Cette charité est versée chaque année au gouvernement égyptien, malgré sa brutale répression de l'opposition politique, de la liberté de la presse, des dissidents et même des blogueurs critiques, dont le châtiment va du harcèlement et des arrestations à la torture et aux "disparitions mystérieuses". Par exemple, un blogueur chrétien, Hani Nazeer Aziz, s'est rendu après que les services de sécurité du gouvernement aient arrêté deux de ses frères et les aient utilisés comme otages pour le forcer à se livrer.
L'Egypte de Moubarak a également un accord lucratif d’externalisation avec les États-Unis. Au lieu des services de télécommunications et soutien à la technologie, l'Égypte, comme la Syrie, est spécialisée dans la torture, aussi les États-Unis peuvent commodément contourner les lois, le respect des procédures et des droits de l'homme.
Mamdouh Habib, qui avait été pour finir envoyé à Guantánamo Bay, avait été sous-traité par les États-Unis, où il a déclaré avoir été "suspendu par les bras à des crochets, avoir reçu de façon répétée des décharges électriques, avoir été presque noyé et sauvagement tabassé", selon le Washington Post.
En prenant part à ce qui est maintenant un passe-temps pratique et habituel pour les dictateurs des pays musulmans, Moubarak manipule la constitution avec désinvolture comme de la pâte à modeler. Son gouvernement l’a récemment modifiée pour interdire "les partis religieux" d’opposition, comme les Frères Musulmans - un parti politique islamique influent et extrêmement conservateur, qui a remporté 20% des sièges au parlement lors des élections de 2005 - et neutraliser la surveillance impartiale de la future parodie d'élections, s’assurant ainsi que la dynastie de la dictature Moubarak serait transmise à son fils, Gamal.
L'Arabie Saoudite, le Pakistan et la Jordanie pratiquent cet étalage effronté de tentatives musclées destinées à étouffer la démocratie. Tous sont depuis longtemps des alliés des États-Unis avec qui les dirigeants respectifs ont des relations intimes et mutuellement bénéfiques. Malheureusement, les États-Unis semblent de plus engagés à soutenir des despotes dignes de confiance qui obtempèrent au lieu de traiter avec des partis démocrates représentant les désirs et les valeurs de la population.

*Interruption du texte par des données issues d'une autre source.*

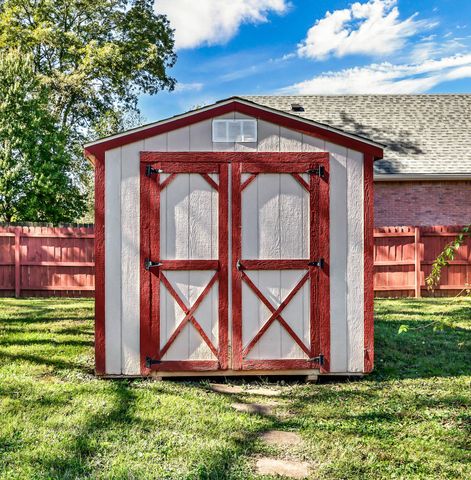 4244 N Woodstock Dr, Clarksville, TN 37040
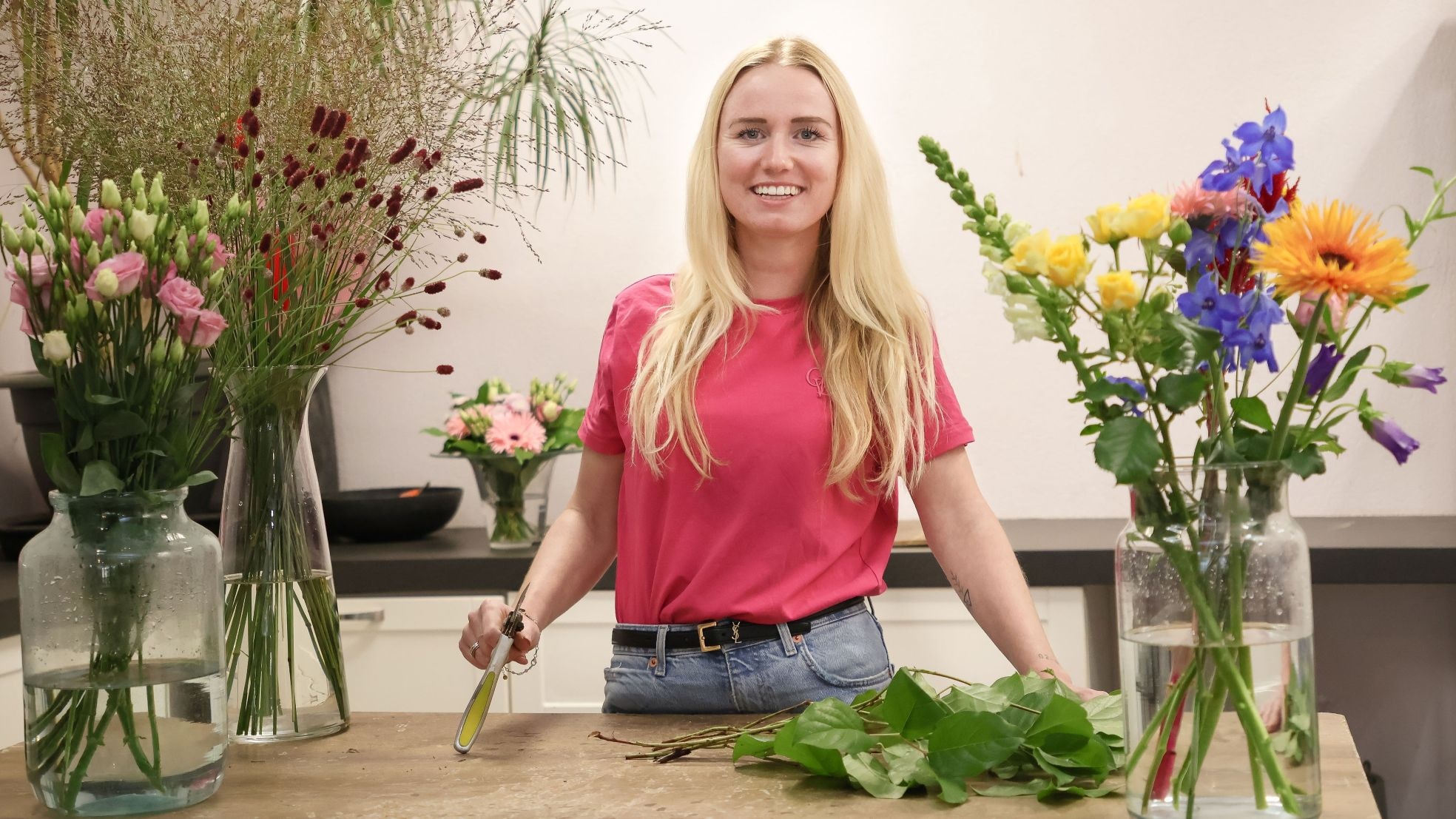 Voor bloemist Isabelle Alink is het hard werken zonder rijk te worden.  Voor bloemist Isabelle Alink is het hard werken zonder rijk te worden. Foto: Sara Rozeboom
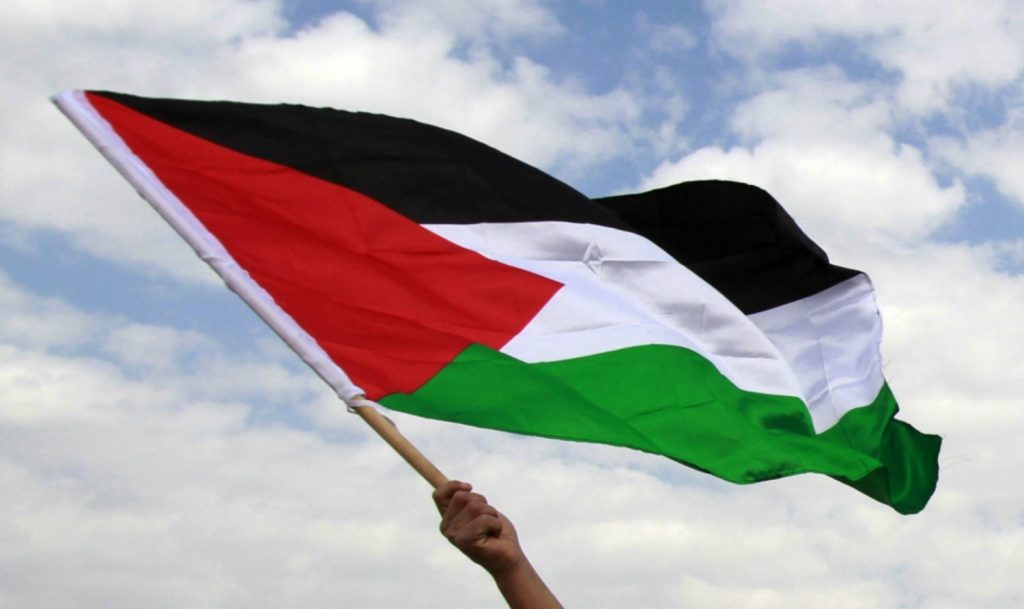 Σημάδια «χαλαρότητας» στην πολεμική προσπάθεια του Ισραήλ: Σε τηλεοπτικό κανάλι εμφανίστηκε η σημαία της Παλαιστίνης! (βίντεο)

Si Obama est sincère quand il dit vouloir traiter les Musulmans en tant que partenaires et discuter avec eux dans un respect mutuel, ses belles paroles devraient inspirer une réforme politique légitime.
Premièrement, il devrait profiter de cette occasion pour s’identifier aux préoccupations de la population en dénonçant les crimes odieux et la conduite oppressive et intolérante des despotes à sa solde, comme Moubarak et la famille royale d'Arabie Saoudite - pour n'en nommer que deux.
Deuxièmement, il devrait mettre en œuvre une initiative politique à long terme qui favoriserait l'émergence de partis démocratiques qui représenteraient la voix du peuple dans l’ensemble du Moyen-Orient, en particulier en Egypte, qui a été paralysée par une économie nationale défaillante et des décennies de dictature implacable.
Même si le silence honteux d’Obama sur le massacre israélien dans la bande de Gaza et ses attaques aux drones de plus en plus vaines et causant de nombreuses victimes au Pakistan ont frustré de nombreux Musulmans, ses paroles de réconciliation, de dignité et de respect continuent d'inspirer les Egyptiens et les Musulmans optimistes à l'étranger, dont la seule devise maintenant est l'espoir d’une nouvelle ère de relations différentes et éclairées des Etats-Unis avec le Moyen-Orient, qui ne dépendraient pas des dictatures et du prosternement.